- **WHAT YOU HAVE TO DO**:
This exercise calls for the line with "Cedar Sketch at", the line with "Antique Anker or", and all lines between them in the material below, output exactly and with no other lines.
═══ DATA RECORDS ═══
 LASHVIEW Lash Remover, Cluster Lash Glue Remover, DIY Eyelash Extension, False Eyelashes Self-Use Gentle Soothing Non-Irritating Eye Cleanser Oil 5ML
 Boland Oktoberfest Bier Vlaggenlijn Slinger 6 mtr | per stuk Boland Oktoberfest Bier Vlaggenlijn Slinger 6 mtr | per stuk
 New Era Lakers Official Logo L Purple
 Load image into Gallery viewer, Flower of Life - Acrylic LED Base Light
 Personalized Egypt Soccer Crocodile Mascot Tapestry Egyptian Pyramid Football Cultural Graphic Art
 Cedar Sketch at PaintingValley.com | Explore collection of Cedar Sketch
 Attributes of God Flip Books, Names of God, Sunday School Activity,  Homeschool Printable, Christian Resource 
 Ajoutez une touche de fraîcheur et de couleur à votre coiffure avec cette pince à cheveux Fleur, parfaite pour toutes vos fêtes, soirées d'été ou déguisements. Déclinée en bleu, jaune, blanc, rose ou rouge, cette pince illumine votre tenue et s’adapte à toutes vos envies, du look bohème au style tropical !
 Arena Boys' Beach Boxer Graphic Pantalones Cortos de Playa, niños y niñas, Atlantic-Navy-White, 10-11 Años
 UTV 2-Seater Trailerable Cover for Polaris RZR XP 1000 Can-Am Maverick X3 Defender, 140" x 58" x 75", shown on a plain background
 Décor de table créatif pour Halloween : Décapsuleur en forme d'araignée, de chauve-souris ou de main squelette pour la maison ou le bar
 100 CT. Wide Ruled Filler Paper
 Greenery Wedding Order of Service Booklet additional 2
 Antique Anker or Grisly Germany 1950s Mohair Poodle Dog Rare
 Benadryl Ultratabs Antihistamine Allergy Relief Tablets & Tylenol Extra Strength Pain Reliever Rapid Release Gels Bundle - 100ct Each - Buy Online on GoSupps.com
═══
═══ DATA RECORDS ═══
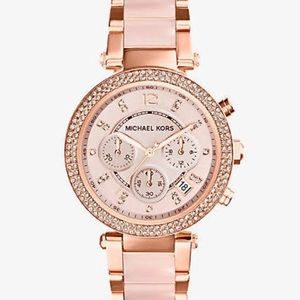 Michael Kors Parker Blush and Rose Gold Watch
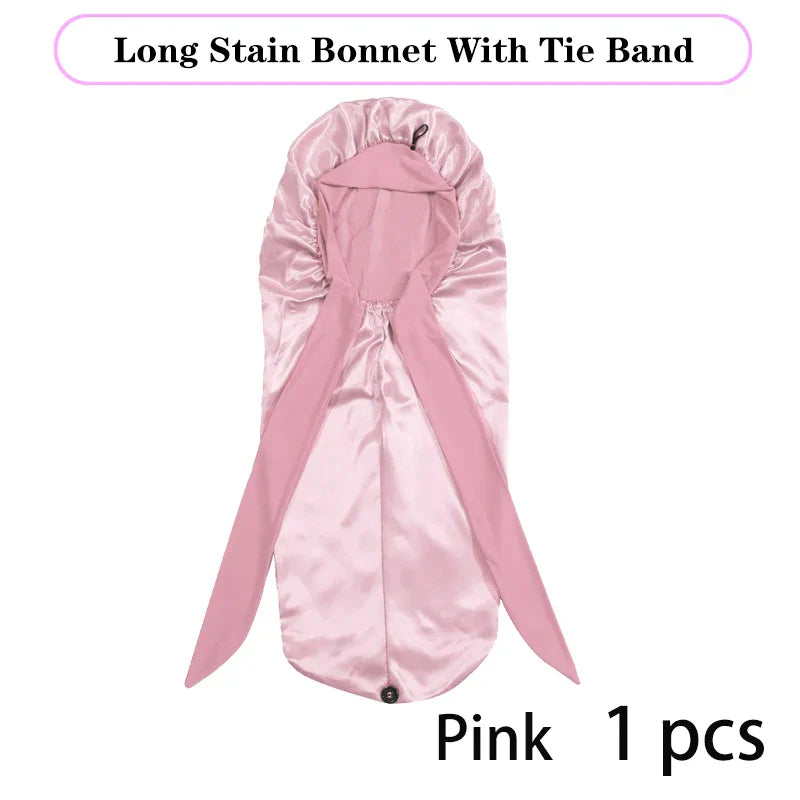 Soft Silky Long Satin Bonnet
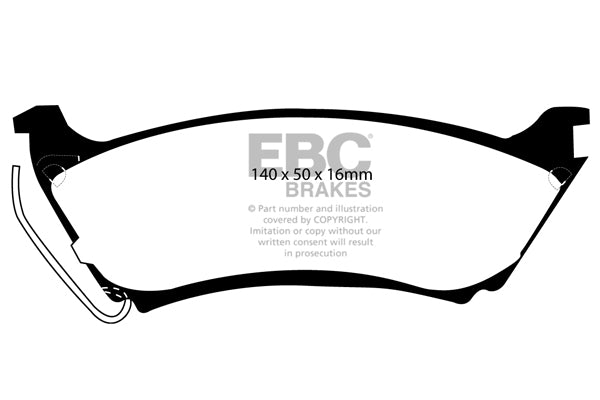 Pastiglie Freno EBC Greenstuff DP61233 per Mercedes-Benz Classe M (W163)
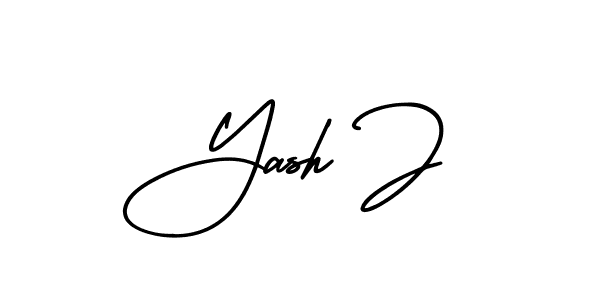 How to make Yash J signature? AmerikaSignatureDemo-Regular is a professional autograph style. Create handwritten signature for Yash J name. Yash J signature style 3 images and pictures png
═══
- **ANSWER TO THIS EXERCISE**:
 Cedar Sketch at PaintingValley.com | Explore collection of Cedar Sketch
 Attributes of God Flip Books, Names of God, Sunday School Activity,  Homeschool Printable, Christian Resource 
 Ajoutez une touche de fraîcheur et de couleur à votre coiffure avec cette pince à cheveux Fleur, parfaite pour toutes vos fêtes, soirées d'été ou déguisements. Déclinée en bleu, jaune, blanc, rose ou rouge, cette pince illumine votre tenue et s’adapte à toutes vos envies, du look bohème au style tropical !
 Arena Boys' Beach Boxer Graphic Pantalones Cortos de Playa, niños y niñas, Atlantic-Navy-White, 10-11 Años
 UTV 2-Seater Trailerable Cover for Polaris RZR XP 1000 Can-Am Maverick X3 Defender, 140" x 58" x 75", shown on a plain background
 Décor de table créatif pour Halloween : Décapsuleur en forme d'araignée, de chauve-souris ou de main squelette pour la maison ou le bar
 100 CT. Wide Ruled Filler Paper
 Greenery Wedding Order of Service Booklet additional 2
 Antique Anker or Grisly Germany 1950s Mohair Poodle Dog Rare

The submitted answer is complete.